SPSS 16.0 software (SPSS, Inc., Chicago, IL, USA) was used for the statistical analysis, and the measurement data are expressed as the mean ± standard deviation. The biological boundaries of LAE and the ALT-SUVmax were measured, and the data were analyzed by two-sample t-tests. The diagnostic performance analysis of the 18F-FDG-PET/CT LAE biological boundary was determined by the χ2 test, with P<0.05 considered to be a significant difference.

Results

Preoperative LAE-ALT assessment

The 8 patients with LAE had a total of 17 hepatic lesions, among which 12 were in the right lobe, 5 were in the left and 3 were extrahepatic. The mean LAE lesion diameter was 6.85±4.35 cm.

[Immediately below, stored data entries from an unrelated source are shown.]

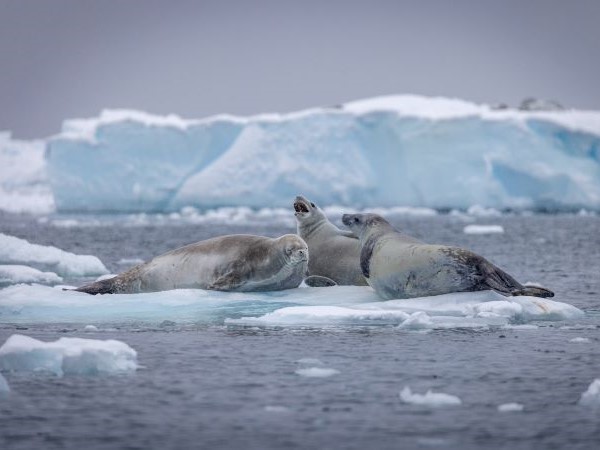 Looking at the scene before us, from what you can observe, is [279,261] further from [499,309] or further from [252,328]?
[499,309]

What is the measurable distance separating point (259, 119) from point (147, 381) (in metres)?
34.7

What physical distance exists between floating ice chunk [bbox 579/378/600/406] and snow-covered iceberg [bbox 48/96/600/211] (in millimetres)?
33463

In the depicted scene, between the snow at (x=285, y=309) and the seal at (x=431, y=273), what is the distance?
0.42 feet

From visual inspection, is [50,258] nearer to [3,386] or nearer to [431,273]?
[431,273]

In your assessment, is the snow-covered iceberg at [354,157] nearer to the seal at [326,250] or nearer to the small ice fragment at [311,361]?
the seal at [326,250]

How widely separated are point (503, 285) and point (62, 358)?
4.46 metres

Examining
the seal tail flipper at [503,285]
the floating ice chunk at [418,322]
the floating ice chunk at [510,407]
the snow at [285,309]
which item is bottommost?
the floating ice chunk at [510,407]

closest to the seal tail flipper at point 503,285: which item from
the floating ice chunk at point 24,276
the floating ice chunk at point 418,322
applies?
the floating ice chunk at point 418,322

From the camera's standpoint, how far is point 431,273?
9484mm

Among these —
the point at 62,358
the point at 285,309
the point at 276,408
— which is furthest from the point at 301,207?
the point at 276,408

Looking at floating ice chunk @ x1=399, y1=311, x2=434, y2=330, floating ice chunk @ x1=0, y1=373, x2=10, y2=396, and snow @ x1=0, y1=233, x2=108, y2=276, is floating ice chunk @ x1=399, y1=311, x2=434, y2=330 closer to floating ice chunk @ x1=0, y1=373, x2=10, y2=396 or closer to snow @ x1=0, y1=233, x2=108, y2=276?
floating ice chunk @ x1=0, y1=373, x2=10, y2=396

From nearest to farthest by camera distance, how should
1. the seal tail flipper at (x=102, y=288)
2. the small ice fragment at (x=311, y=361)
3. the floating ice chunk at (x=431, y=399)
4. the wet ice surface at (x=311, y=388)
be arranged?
the wet ice surface at (x=311, y=388) < the floating ice chunk at (x=431, y=399) < the small ice fragment at (x=311, y=361) < the seal tail flipper at (x=102, y=288)

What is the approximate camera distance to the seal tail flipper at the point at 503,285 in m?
9.52

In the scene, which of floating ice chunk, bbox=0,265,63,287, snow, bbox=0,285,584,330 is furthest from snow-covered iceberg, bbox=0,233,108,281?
snow, bbox=0,285,584,330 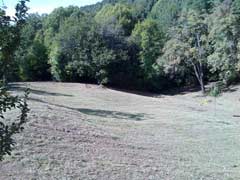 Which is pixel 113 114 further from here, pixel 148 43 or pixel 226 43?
pixel 148 43

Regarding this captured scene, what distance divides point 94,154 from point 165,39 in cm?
4569

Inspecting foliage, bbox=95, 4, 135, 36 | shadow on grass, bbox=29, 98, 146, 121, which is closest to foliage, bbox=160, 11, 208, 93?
foliage, bbox=95, 4, 135, 36

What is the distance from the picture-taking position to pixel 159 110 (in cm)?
3078

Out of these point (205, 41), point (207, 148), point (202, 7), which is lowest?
point (207, 148)

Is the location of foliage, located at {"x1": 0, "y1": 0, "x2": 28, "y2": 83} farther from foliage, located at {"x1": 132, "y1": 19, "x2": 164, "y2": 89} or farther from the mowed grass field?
foliage, located at {"x1": 132, "y1": 19, "x2": 164, "y2": 89}

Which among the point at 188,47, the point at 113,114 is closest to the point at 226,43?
the point at 188,47

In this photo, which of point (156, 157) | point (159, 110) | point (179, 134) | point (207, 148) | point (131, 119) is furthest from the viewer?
point (159, 110)

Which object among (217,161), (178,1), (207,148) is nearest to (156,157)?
(217,161)

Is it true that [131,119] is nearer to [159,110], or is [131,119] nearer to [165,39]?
[159,110]

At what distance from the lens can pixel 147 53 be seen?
54.4m

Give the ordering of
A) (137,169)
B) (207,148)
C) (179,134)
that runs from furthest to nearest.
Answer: (179,134) → (207,148) → (137,169)

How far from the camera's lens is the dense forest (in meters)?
47.7

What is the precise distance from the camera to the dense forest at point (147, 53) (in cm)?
4769

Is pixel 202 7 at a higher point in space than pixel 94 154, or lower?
higher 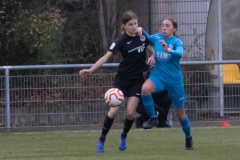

The LAE liver morphologies were disordered, the ratio of hepatic lobes was imbalanced, the outlines were incomplete, partial liver structures were missing, the radioactivity distribution inside the liver parenchyma was uneven and there were various degrees of disease involvement in the hepatic boundaries. Ten LAE lesions exhibited points of calcification that all were located in the central part of the lesions. Five patients exhibited obvious abnormalities in the porta hepatis, and 3 exhibited extrahepatic bile duct involvement. The lesions were all mixed space-occupying lesions and most had irregular shapes. The LAE lesion boundaries were unclear and infiltrated tissues; the peri-lesion boundaries could be outlined through the radiopharmaceutical intake. Focal radiopharmaceutical distribution presented as an enhanced distribution of radioactivity on the partial edges, suggesting that the focal lesions were in the proliferative growth or LAE active period (Fig. 1).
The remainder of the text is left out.